The random forests algorithm generates many classification trees. Each tree is generated as follows:
(a) If the number of examples in the training set is N, take a sample of N examples at random - but with replacement, from the original data. This sample will be the training set for generating the tree.
(b) If there are M input variables, a number m is specified such that at each node, m variables are selected at random out of the M and the best split on these m is used to split the node. The value of m is held constant during the generation of the various trees inthe forest.
(c) Each tree is grown to the largest extent possible.
To classify a new object from an input vector, put the input vector down each of the trees in the forest. Each tree gives a classification, and we say the tree “votes” for that class. The forest chooses the classification.
Strengths and weaknesses :-
Strengths -
The following are some of the important strengths of random forests.
It runs efficiently on large data bases.
It can handle thousands of input variables without variable deletion.
It gives estimates of what variables are important in the classification.
It has an effective method for estimating missing data and maintains accuracy when a large proportion of the data are missing.
Generated forests can be saved for future use on other data.
Prototypes are computed that give information about the relation between the variables and the classification.
The capabilities of the above can be extended to unlabeled data, leading to unsupervised clustering, data views and outlier detection.
It offers an experimental method for detecting variable interactions.
Random forest run times are quite fast, and they are able to deal with unbalanced and missing data.

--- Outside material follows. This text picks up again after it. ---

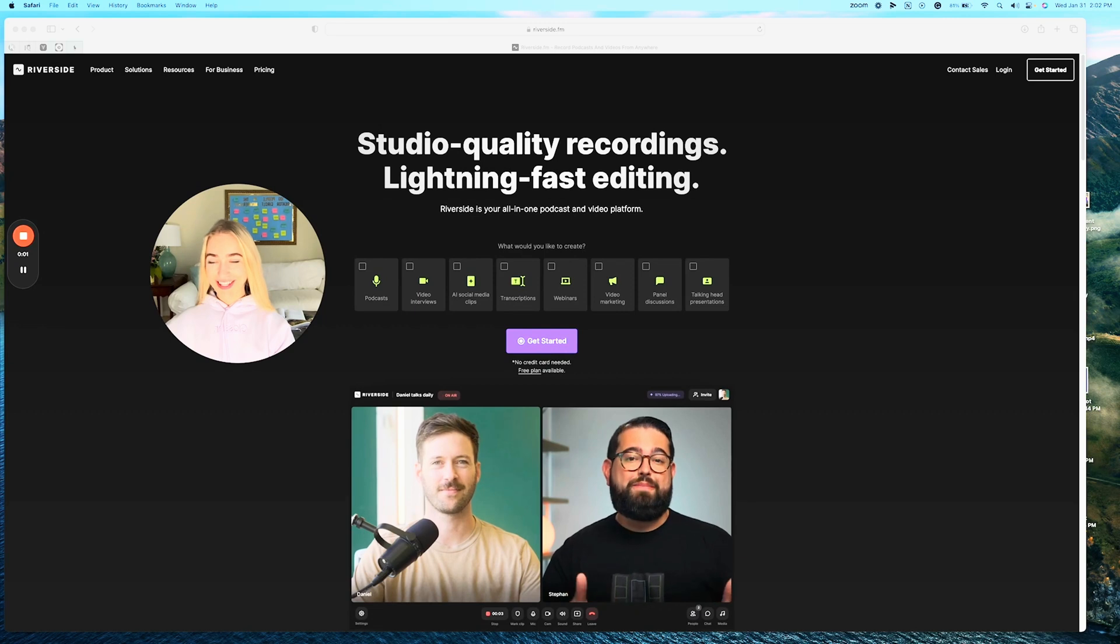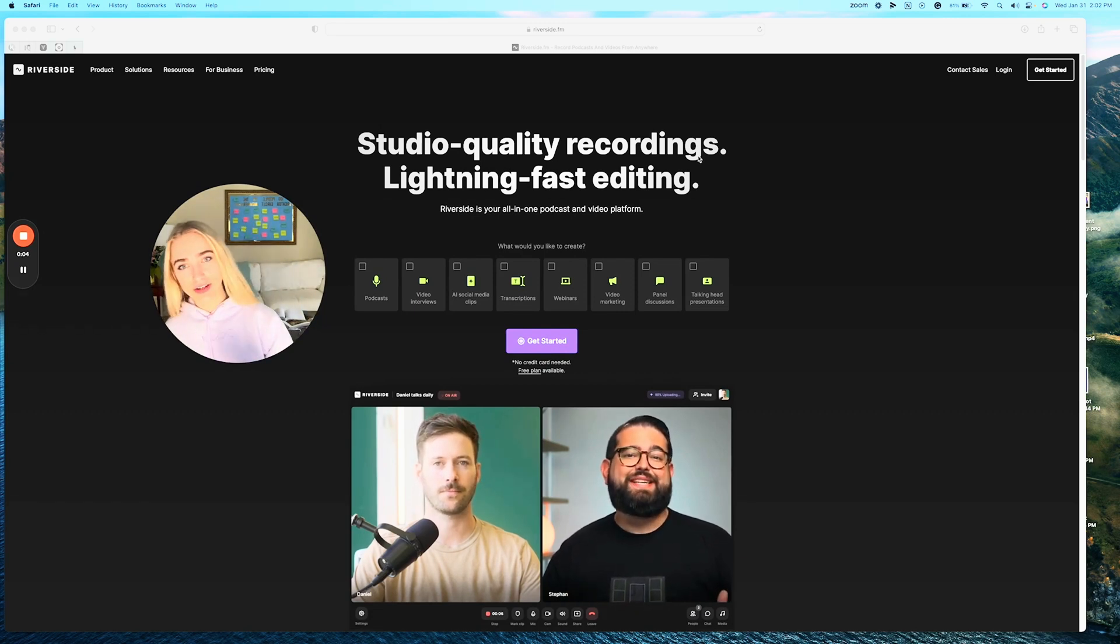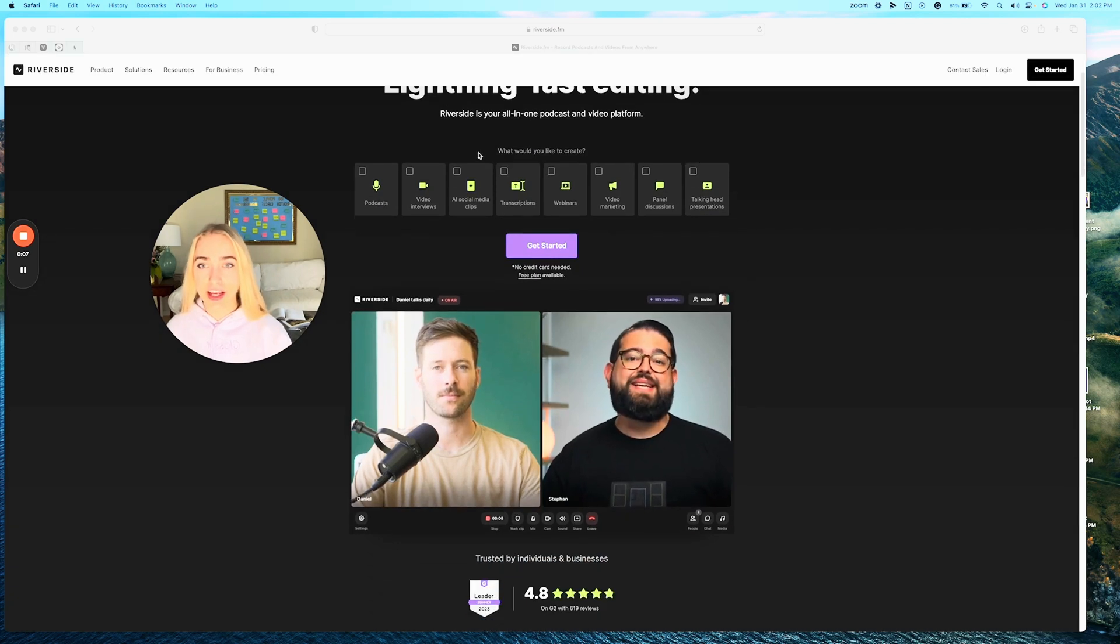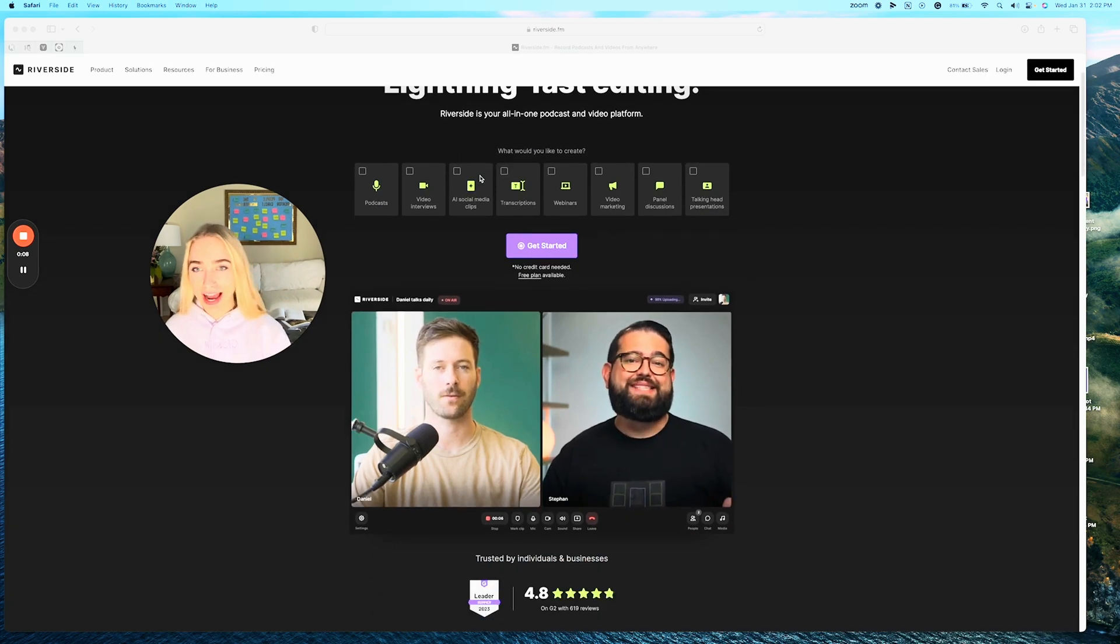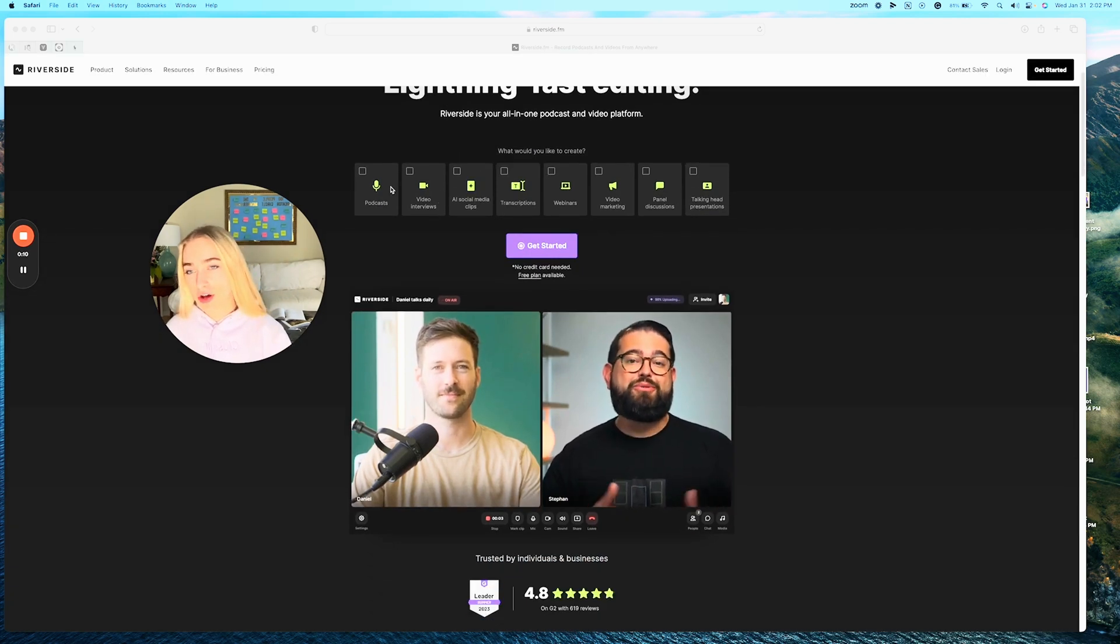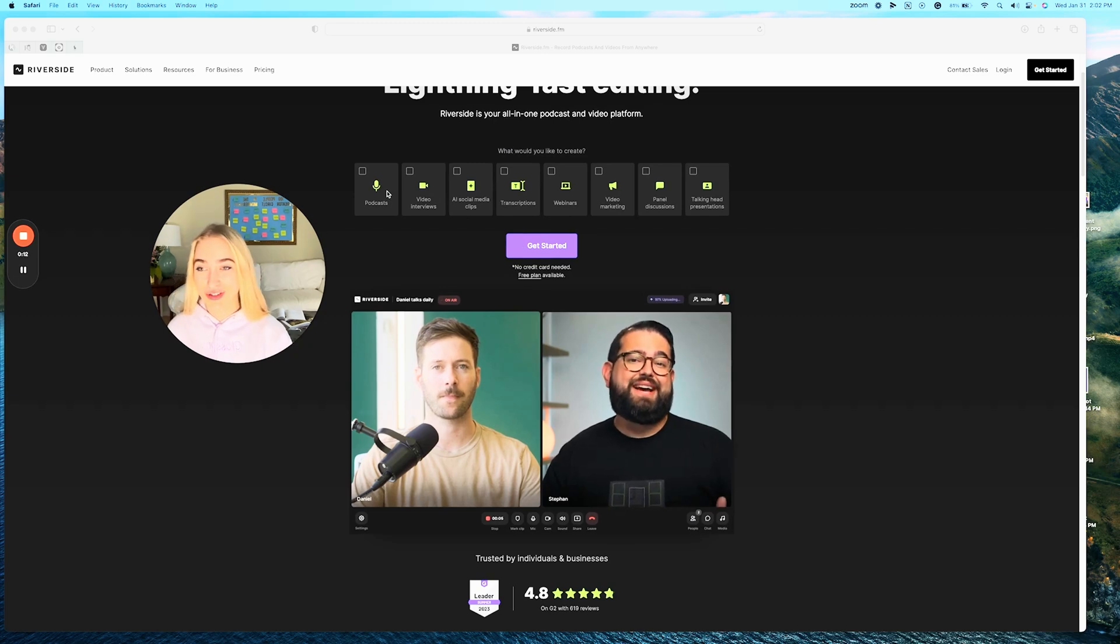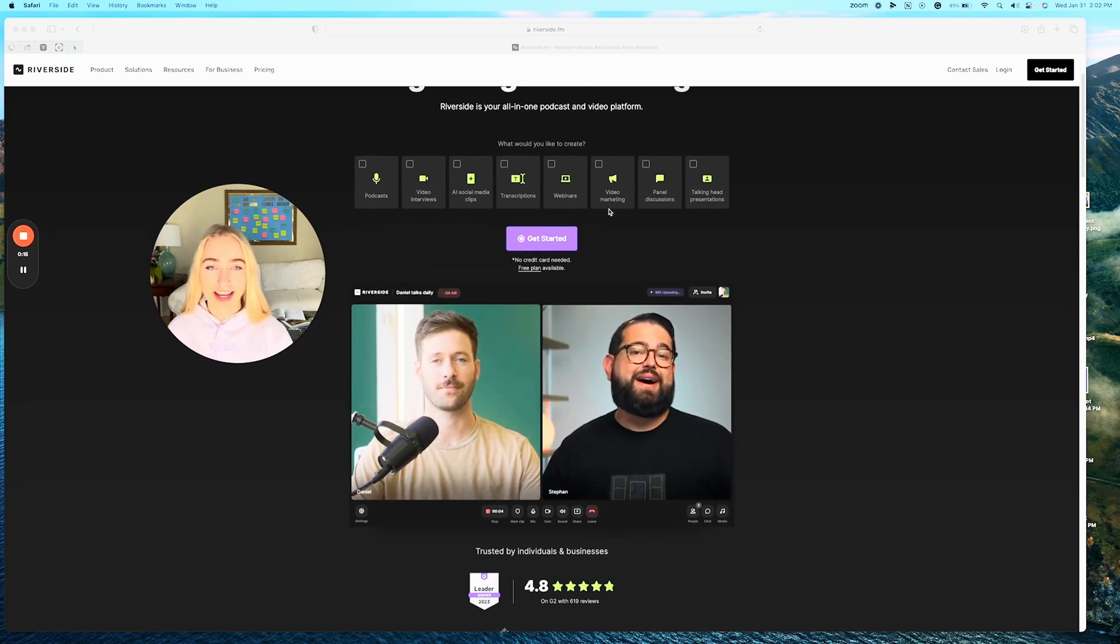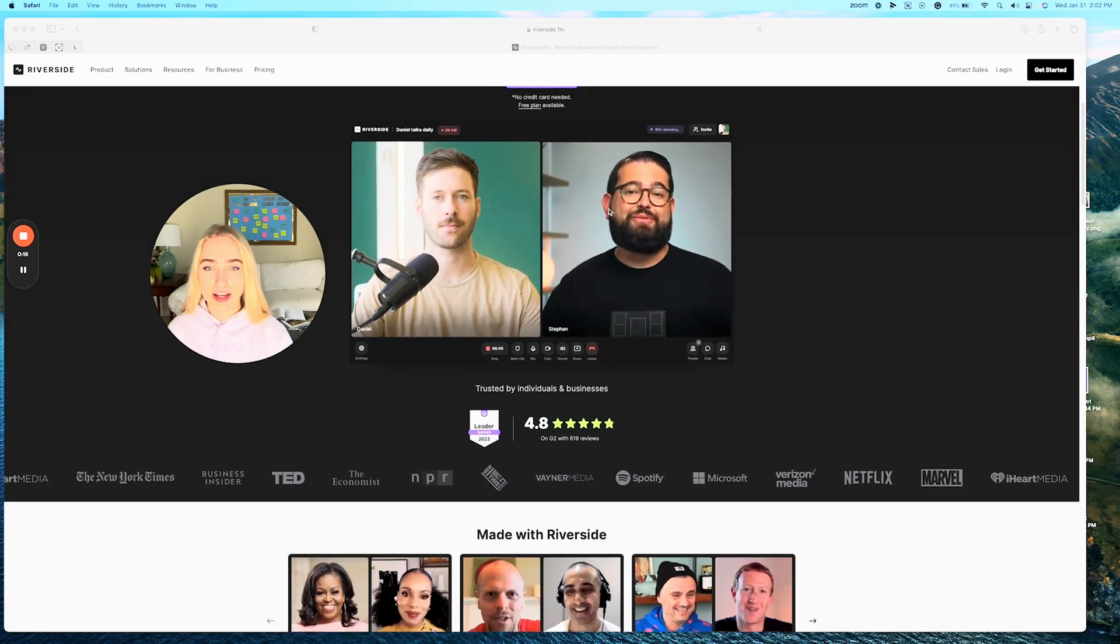So this is the Riverside FM website. As you can see, studio quality recordings with lightning fast editing. You can do AI social media clips, do video interviews. A lot of famous podcasters use Riverside for their podcasts. Video marketing, it is amazing.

They can handle binary features, categorical features, numerical features without any need for scaling.
There are lots of excellent, free, and open-source implementations of the random forest algorithm. We can find a good implementation in almost all major ML libraries and toolkits.
Weaknesses -
A weakness of random forest algorithms is that when used for regression they cannot predict beyond the range in the training data, and that they may over-fit data sets that are particularly noisy.
The sizes of the models created by random forests may be very large. It may take hundreds of megabytes of memory and may be slow to evaluate.
Random forest models are black boxes that are very hard to interpret.